Timeline: ShinyHunters' pay-or-leak strategy tied to Canvas, Vimeo, and Pornhub attacks (May 2026)

ShinyHunters set a deadline of May 12, 2026 to pay or face a full data leak related to the Instructure/Canvas breach.

Instructure told TIME that it had taken Canvas offline to investigate and that attackers had exploited a vulnerability tied to Free-For-Teacher accounts, leading to a temporary shutdown of those accounts with a restoration planned.

Canvas outage affected thousands of users in the United States during final exam season, with a message from ShinyHunters allegedly displayed on screens.

In April 2026, ShinyHunters listed Vimeo on its extortion portal, threatening to publish stolen data by April 30. The group said data came via a breach at Anodot, with authentication tokens used to access Vimeo and other organizations’ systems. Leaked material reportedly included hundreds of gigabytes of data, video metadata, and around 119,000 email addresses.

Pornhub faced a breach reportedly connected to ShinyHunters, involving around 201 million records including email addresses, search histories, viewing activity and location data.
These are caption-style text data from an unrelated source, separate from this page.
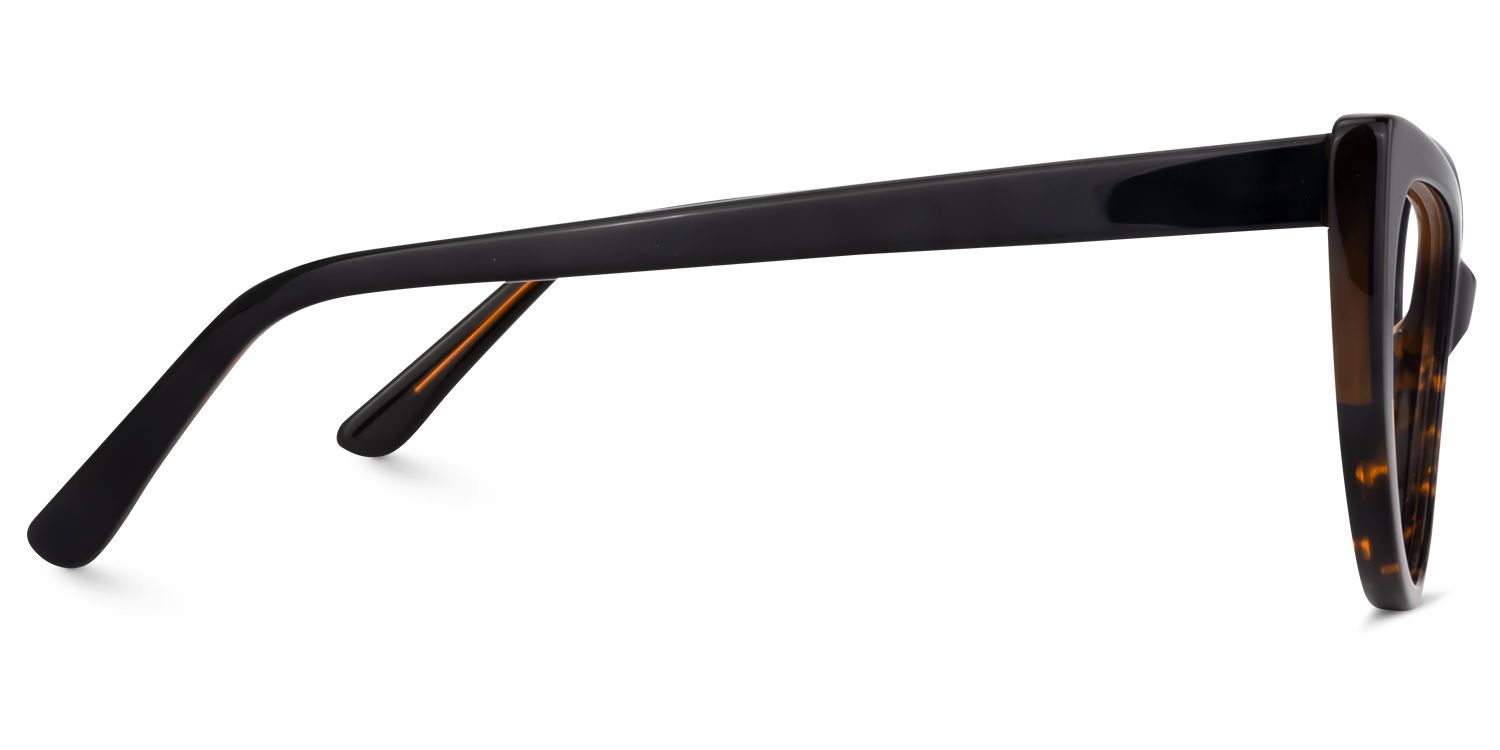 Buy Ginna Optical Glasses and EyeWear Frames on Zeelool4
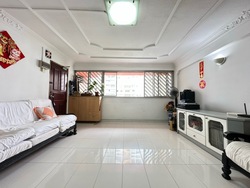 Blk 128 KIM TIAN VISTA (Bukit Merah), HDB 4 Rooms #505654071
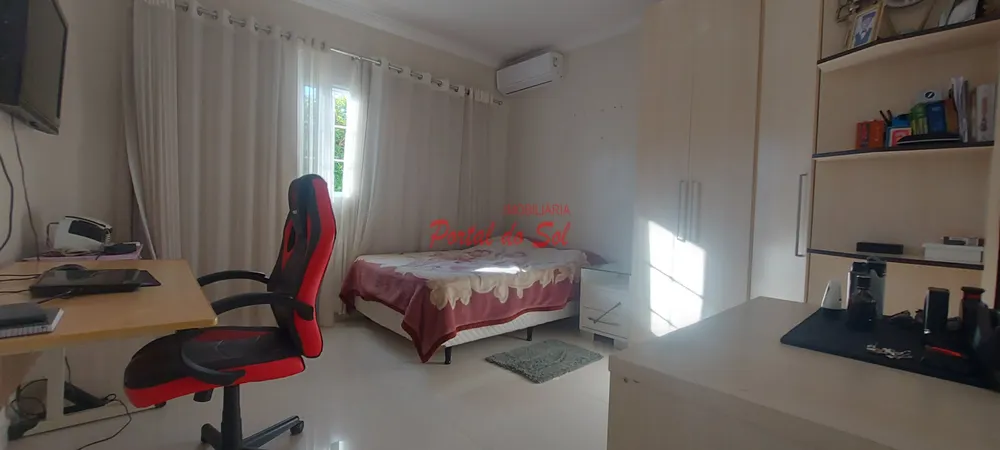 Casa, 3 quartos, 225 m² - Foto 8
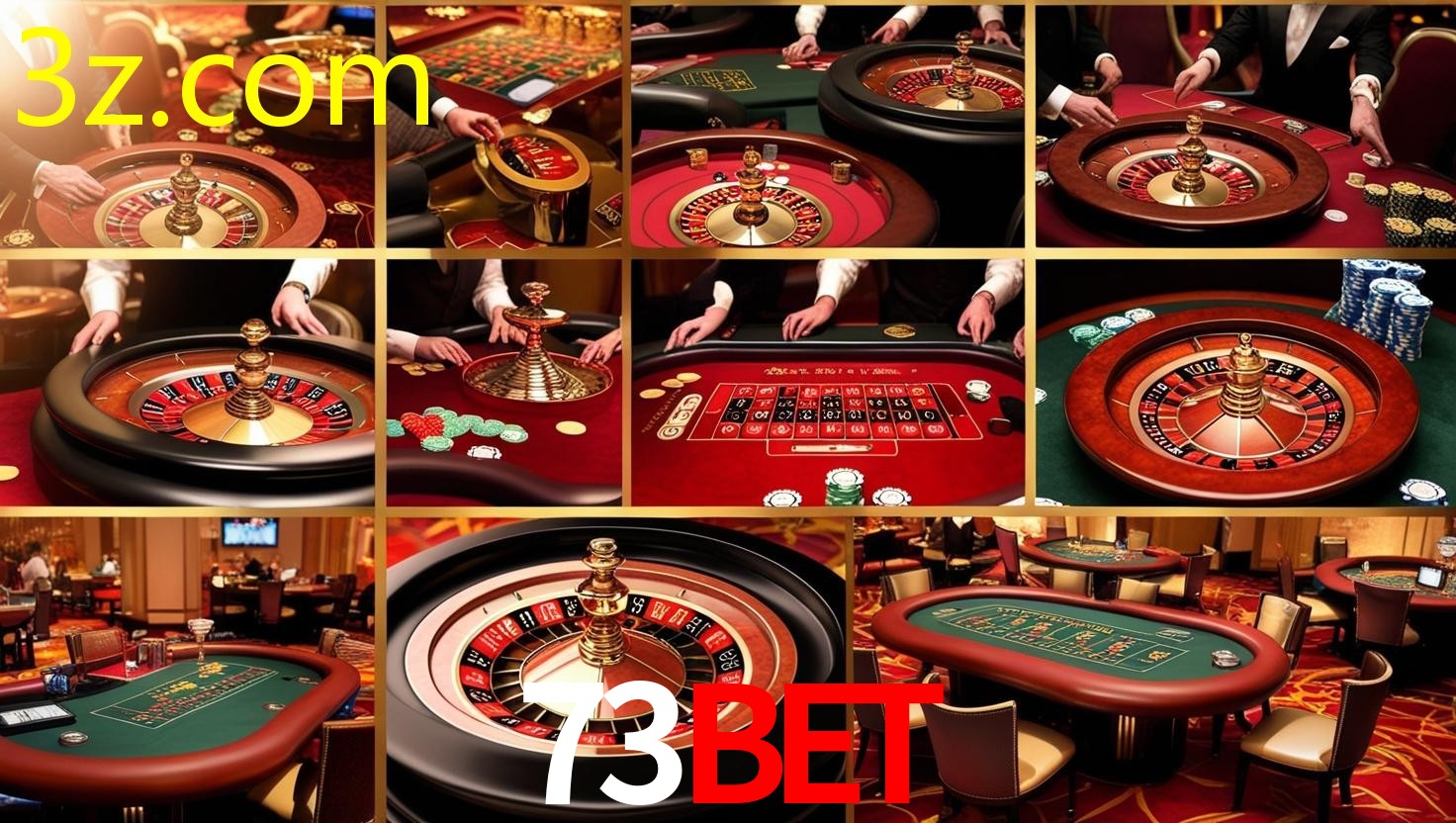 73BET.COM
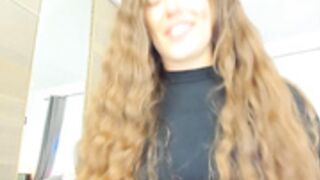 yourlittlepervert 24/06/2021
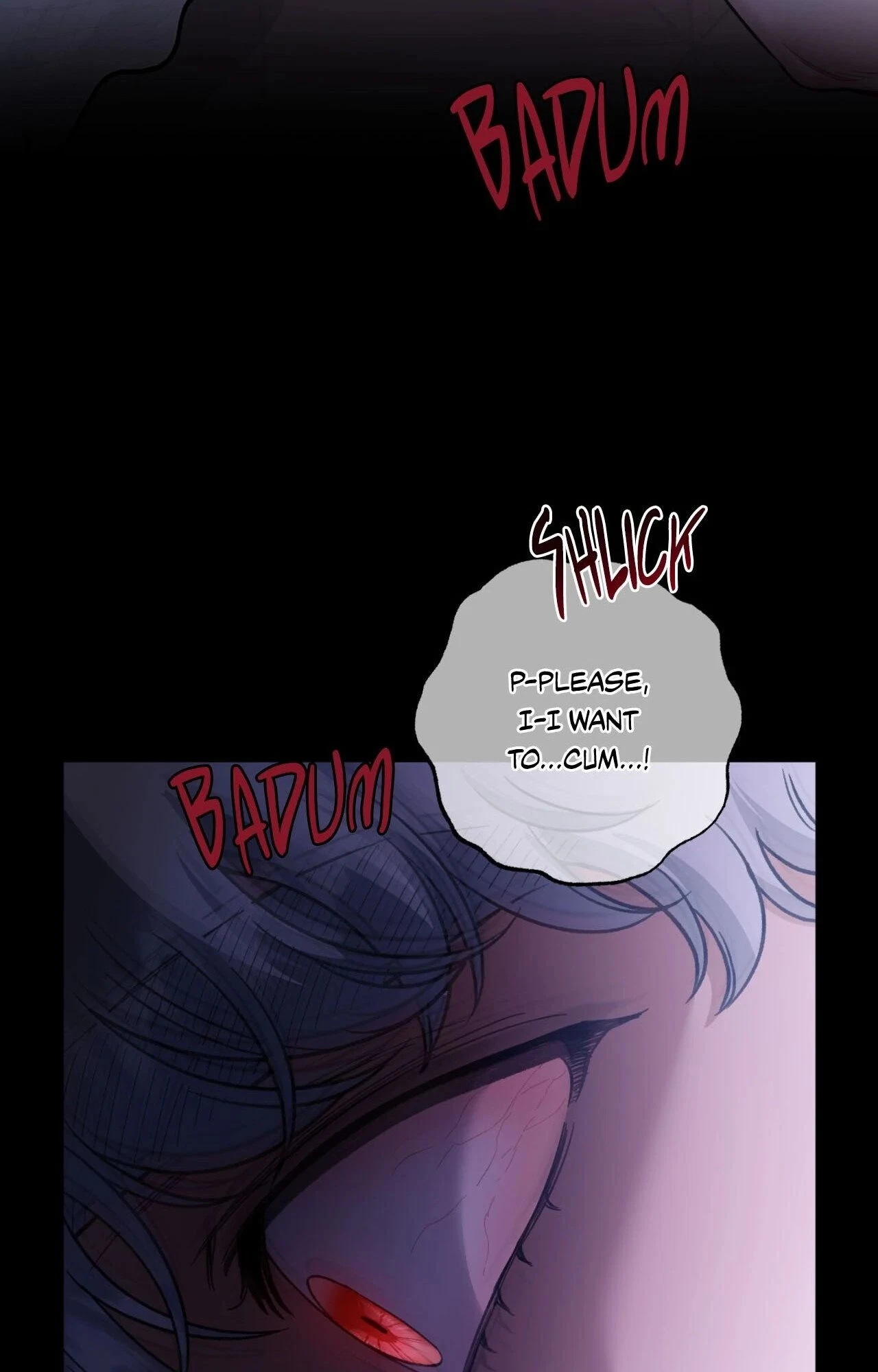 Chapter 106, page 27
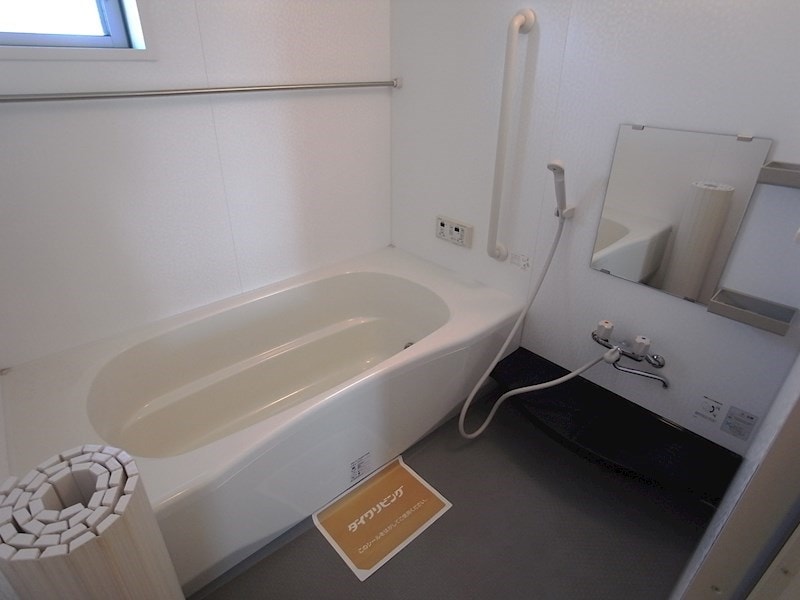 グランドアトリオ神戸西　Ｄ棟の物件内観写真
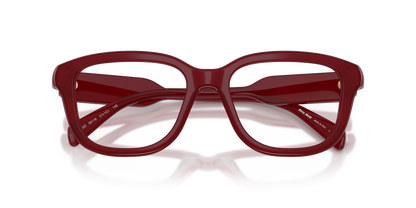 MIU MIU MU 02ZV 21I1O1 51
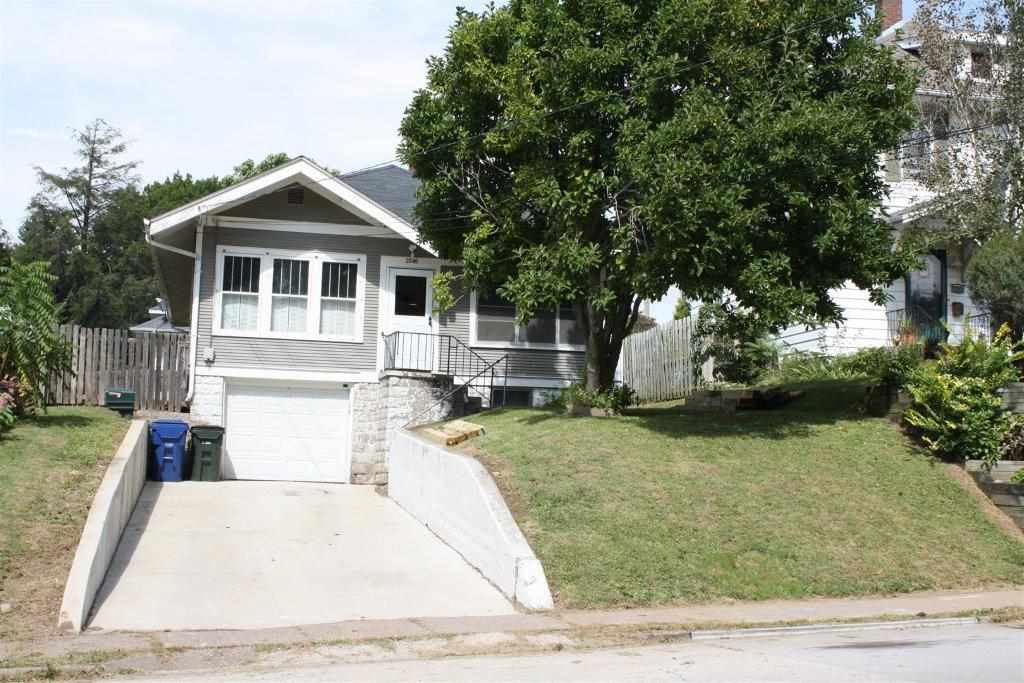 2546 Middle Road Davenport, IA 52803 - Photo 1 of 10 Gallery Image 1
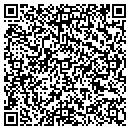 QR code with Tobacco Depot LLC contacts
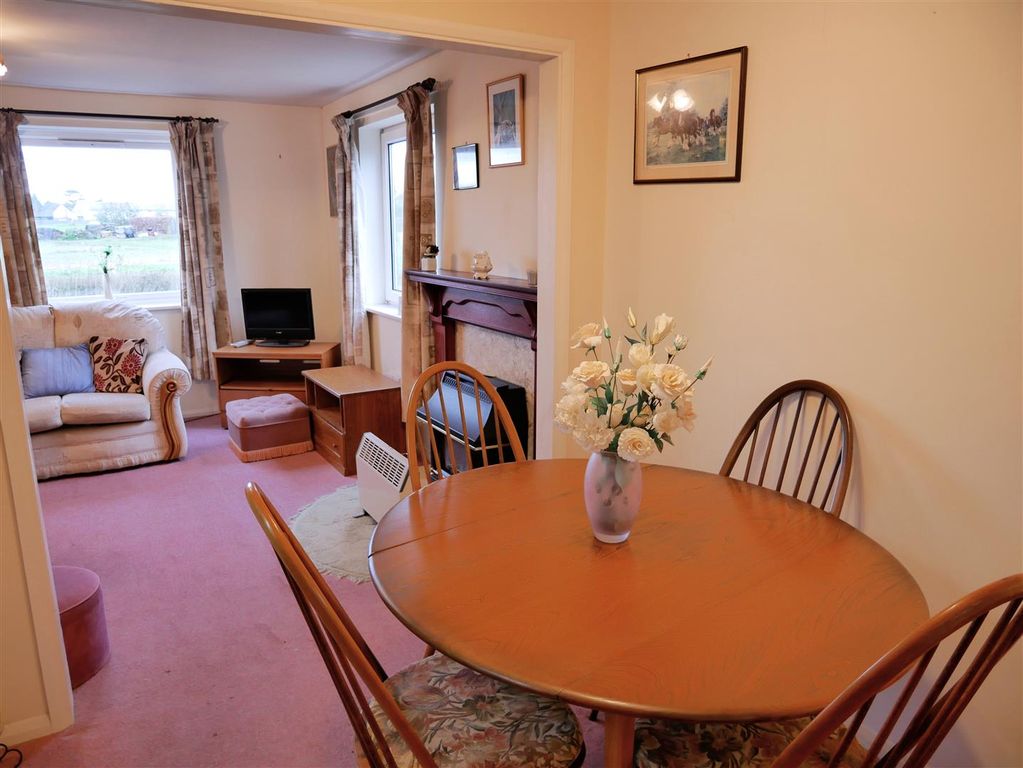 Additional image 17 of 2 bed semi-detached house for saleHorsepool, Bromham, Chippenham SN15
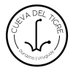 Cueva del Tigre (@cuevadeltigreuy) Twitter profile photo Cueva del Tigre (@cuevadeltigreuy) Twitter profile photo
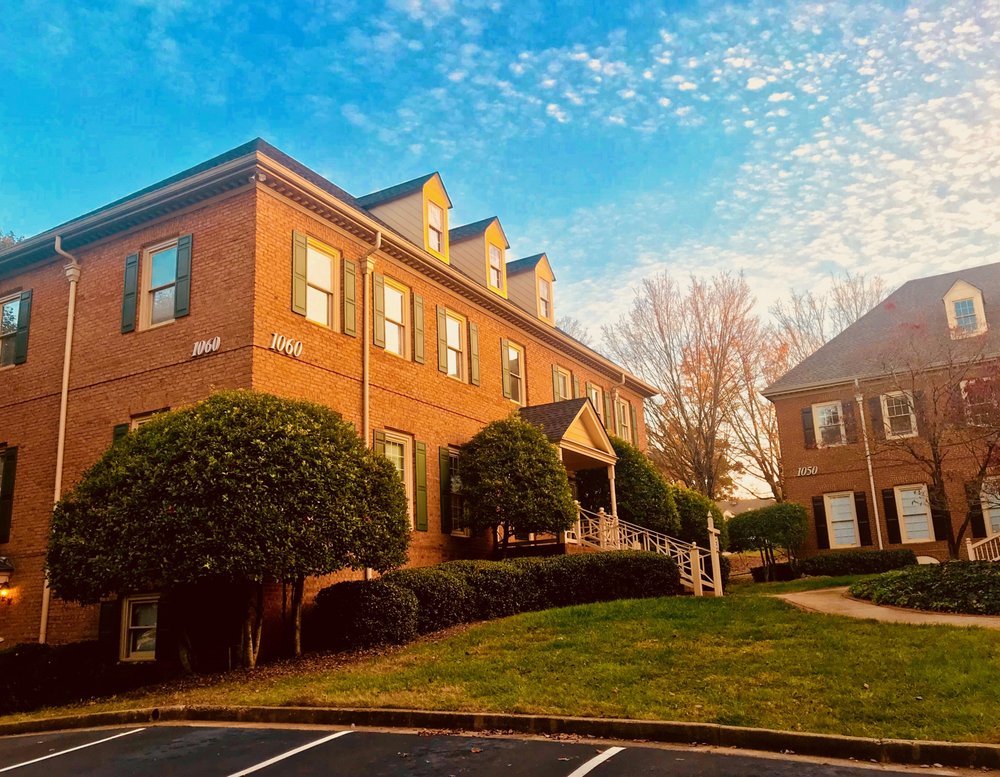 HiFive Tutoring - reading tutor in Alpharetta, GA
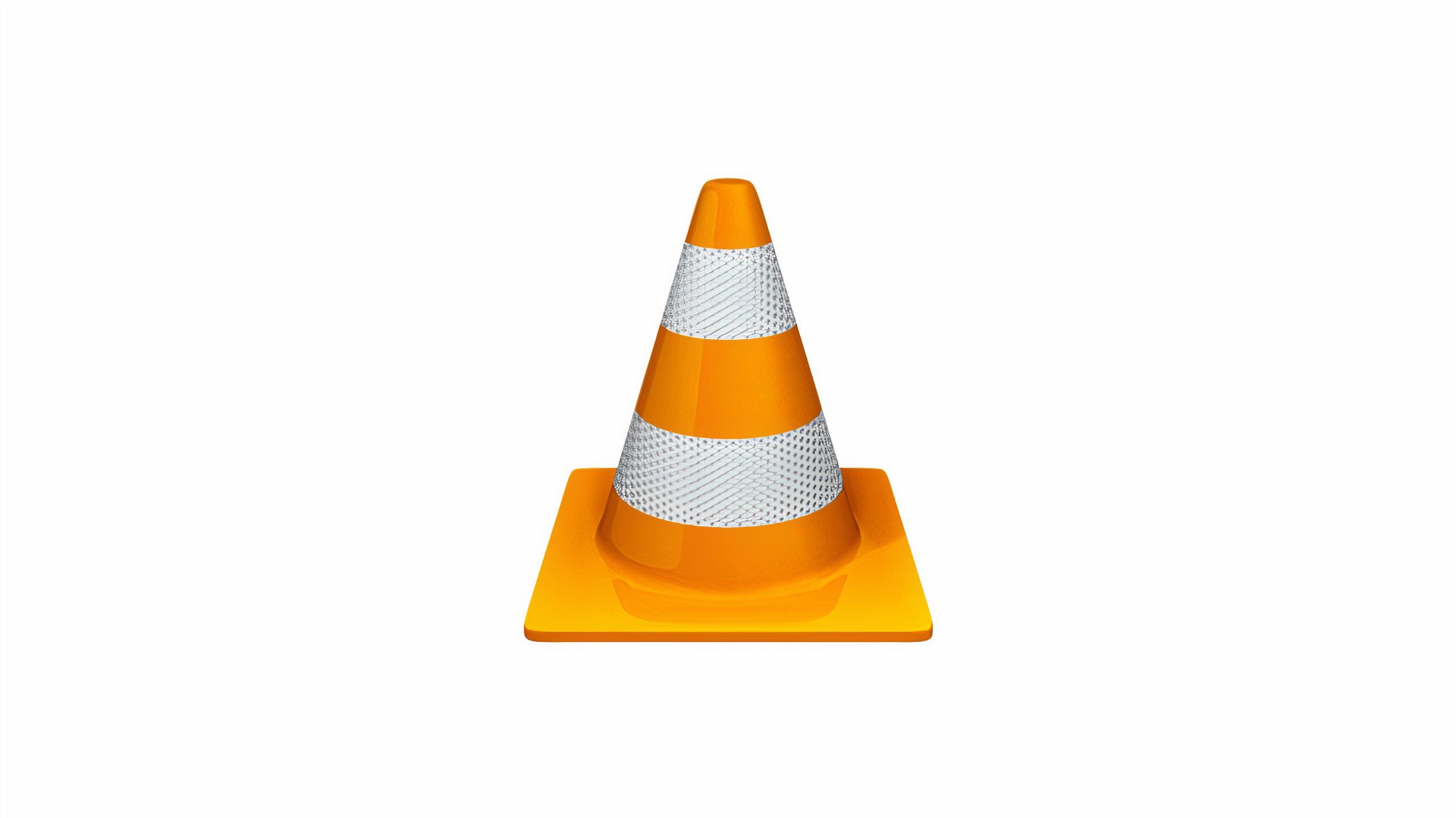 VLC Media Player icon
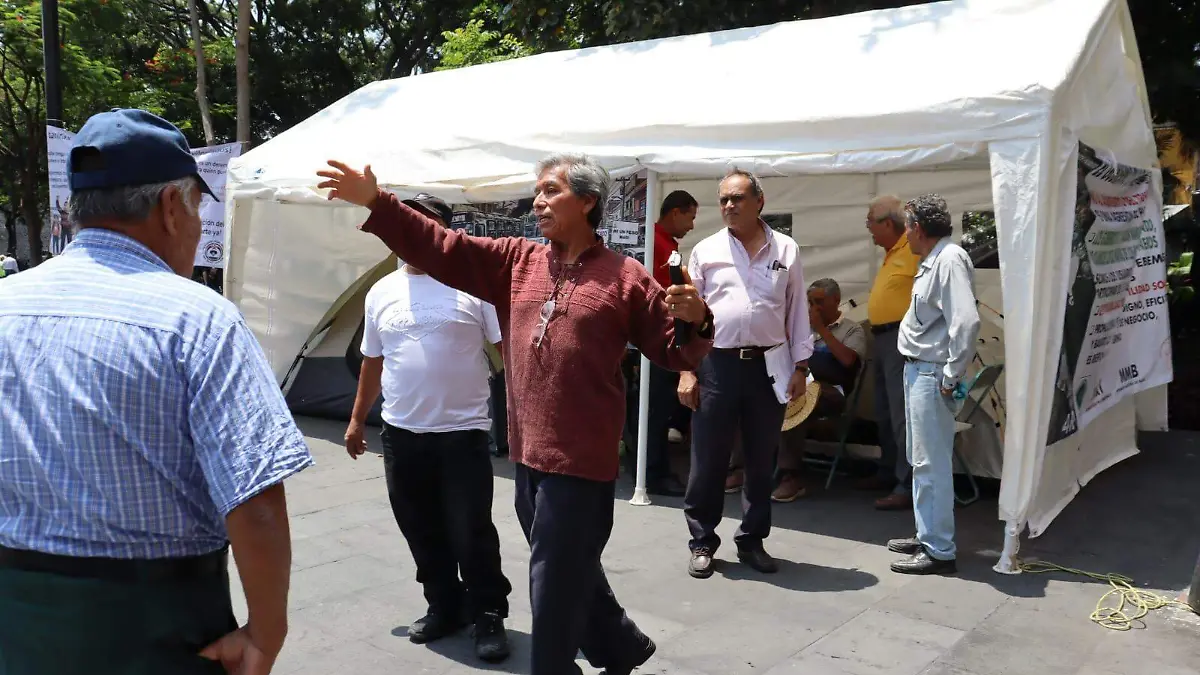 huelgahambre-portransporte2-luis-flores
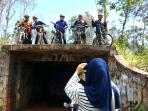 benteng-belanda_20160513_213515.jpg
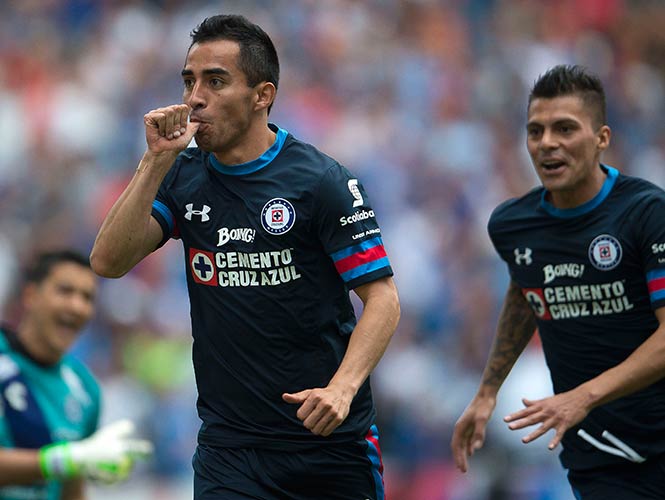 Clausura 2017 Liga MX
In 2024, the US Department of Justice sentenced a member connected to the group, who had put stolen data from more than 60 companies up for sale on dark web forums.

Over the years, the group has been tied to breaches at Ticketmaster, Rockstar Games, Salesforce, Qantas and several other major companies, as reported by Newsweek.

ShinyHunters becomes active around 2019, beginning to operate as a hacking and extortion group.